START Dataset extract
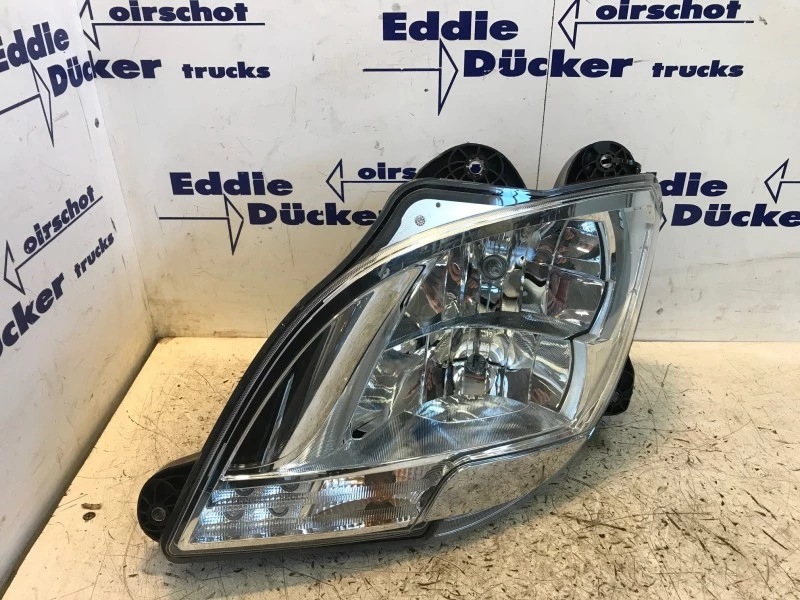 DAF - 1939777 KOPLAMP LH CF/XF EURO 6 (NIEUW) afbeelding 1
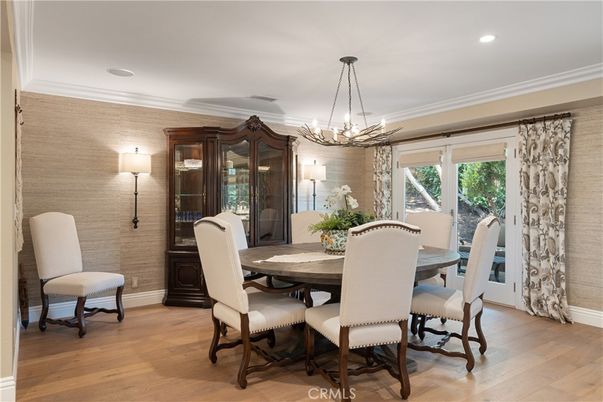 Chandelier, Dining room, Interior, Recessed Lighting, Wood Texture Flooring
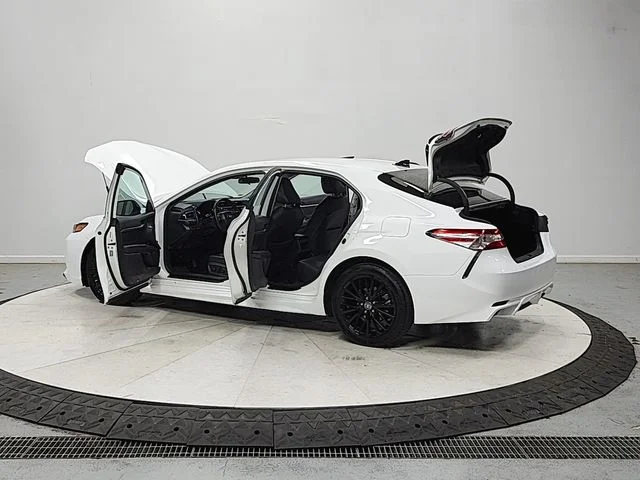Used 2020 White Toyota SE Nightshade image 13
END Dataset extract
Exercise goal:
The expected output is an exact retyping of the lines from the line with "Chandelier, Dining room, Interior, Recessed" through the last line of the data, with both ends kept and the pictures dropped.

Result of this exercise:
 Chandelier, Dining room, Interior, Recessed Lighting, Wood Texture Flooring
Used 2020 White Toyota SE Nightshade image 13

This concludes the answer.